┌──

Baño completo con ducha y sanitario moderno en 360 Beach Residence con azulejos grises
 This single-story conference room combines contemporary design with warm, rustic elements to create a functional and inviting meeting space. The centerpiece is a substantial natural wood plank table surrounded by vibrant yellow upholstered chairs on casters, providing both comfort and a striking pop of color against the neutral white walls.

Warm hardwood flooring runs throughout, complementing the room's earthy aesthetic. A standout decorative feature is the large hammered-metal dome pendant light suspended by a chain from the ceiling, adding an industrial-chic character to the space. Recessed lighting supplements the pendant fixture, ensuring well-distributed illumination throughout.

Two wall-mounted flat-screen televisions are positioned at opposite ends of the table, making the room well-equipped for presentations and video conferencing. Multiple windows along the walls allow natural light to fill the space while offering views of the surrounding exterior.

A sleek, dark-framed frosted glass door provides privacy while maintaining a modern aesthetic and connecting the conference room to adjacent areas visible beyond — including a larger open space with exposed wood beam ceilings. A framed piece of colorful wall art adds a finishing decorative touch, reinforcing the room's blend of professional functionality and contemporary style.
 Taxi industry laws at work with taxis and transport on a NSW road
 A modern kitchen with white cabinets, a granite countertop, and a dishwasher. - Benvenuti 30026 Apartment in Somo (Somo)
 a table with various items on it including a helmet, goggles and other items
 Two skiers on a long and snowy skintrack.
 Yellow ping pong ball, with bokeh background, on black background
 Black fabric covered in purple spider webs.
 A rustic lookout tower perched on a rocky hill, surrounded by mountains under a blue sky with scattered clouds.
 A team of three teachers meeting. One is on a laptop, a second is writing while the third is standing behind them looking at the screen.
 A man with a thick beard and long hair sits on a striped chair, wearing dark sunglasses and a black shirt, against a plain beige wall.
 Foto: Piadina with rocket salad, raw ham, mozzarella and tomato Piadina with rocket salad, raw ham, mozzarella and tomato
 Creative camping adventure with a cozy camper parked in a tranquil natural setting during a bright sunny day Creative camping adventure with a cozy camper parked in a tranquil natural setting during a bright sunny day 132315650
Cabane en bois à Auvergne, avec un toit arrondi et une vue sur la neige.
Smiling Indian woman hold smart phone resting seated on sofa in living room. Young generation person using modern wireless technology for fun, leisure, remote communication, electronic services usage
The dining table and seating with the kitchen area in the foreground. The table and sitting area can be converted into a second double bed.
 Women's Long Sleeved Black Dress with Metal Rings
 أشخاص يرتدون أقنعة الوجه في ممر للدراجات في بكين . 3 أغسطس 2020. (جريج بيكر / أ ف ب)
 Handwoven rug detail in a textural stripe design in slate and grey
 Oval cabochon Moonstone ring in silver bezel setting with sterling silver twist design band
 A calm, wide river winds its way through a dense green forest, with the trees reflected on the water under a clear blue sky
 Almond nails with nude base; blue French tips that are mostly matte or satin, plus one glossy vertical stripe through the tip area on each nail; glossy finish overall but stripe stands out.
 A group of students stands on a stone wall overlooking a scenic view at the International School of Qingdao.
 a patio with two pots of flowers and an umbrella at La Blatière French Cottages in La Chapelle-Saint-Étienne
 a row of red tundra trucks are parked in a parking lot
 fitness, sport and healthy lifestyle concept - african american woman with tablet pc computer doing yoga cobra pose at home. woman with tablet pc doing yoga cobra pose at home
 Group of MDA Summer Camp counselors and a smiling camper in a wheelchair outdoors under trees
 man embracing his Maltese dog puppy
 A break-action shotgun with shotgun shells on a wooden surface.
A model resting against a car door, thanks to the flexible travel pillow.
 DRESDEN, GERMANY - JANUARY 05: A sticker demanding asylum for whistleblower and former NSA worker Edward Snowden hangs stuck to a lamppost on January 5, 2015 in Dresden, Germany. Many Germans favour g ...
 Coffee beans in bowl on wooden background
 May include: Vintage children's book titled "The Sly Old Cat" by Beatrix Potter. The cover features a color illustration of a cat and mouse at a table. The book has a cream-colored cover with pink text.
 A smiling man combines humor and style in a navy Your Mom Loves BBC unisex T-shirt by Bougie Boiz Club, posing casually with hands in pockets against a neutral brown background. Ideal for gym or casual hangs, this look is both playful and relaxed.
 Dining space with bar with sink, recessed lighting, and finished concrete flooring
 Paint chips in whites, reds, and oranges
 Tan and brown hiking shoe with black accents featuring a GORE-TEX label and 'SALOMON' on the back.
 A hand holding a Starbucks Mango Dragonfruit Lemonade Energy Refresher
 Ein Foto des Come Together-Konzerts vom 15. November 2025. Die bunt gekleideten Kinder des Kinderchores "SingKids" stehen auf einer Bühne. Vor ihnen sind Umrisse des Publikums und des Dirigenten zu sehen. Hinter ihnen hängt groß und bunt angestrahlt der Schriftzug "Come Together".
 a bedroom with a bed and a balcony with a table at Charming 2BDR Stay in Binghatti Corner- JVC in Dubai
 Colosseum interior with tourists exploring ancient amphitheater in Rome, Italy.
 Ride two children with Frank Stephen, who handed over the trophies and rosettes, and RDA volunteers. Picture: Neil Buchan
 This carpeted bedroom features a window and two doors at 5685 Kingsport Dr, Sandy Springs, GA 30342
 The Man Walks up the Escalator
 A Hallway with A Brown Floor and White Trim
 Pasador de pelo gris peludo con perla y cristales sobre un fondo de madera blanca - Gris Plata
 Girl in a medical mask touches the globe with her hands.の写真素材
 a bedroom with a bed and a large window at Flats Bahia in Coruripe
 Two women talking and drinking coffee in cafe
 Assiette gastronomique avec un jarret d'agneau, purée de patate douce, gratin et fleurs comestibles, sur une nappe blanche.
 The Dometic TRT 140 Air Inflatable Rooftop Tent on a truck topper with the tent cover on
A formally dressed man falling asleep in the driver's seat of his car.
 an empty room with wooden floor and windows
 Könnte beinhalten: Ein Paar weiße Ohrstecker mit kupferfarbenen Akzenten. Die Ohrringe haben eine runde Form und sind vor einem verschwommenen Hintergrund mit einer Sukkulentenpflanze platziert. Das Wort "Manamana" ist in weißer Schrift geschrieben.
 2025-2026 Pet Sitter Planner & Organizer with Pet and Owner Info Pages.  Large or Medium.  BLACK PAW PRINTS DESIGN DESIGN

└──

◆ Exercise instructions ◆
Go through the entries and return each line where the word "features" occurs.

◆ Written answer ◆
 May include: Vintage children's book titled "The Sly Old Cat" by Beatrix Potter. The cover features a color illustration of a cat and mouse at a table. The book has a cream-colored cover with pink text.
 This carpeted bedroom features a window and two doors at 5685 Kingsport Dr, Sandy Springs, GA 30342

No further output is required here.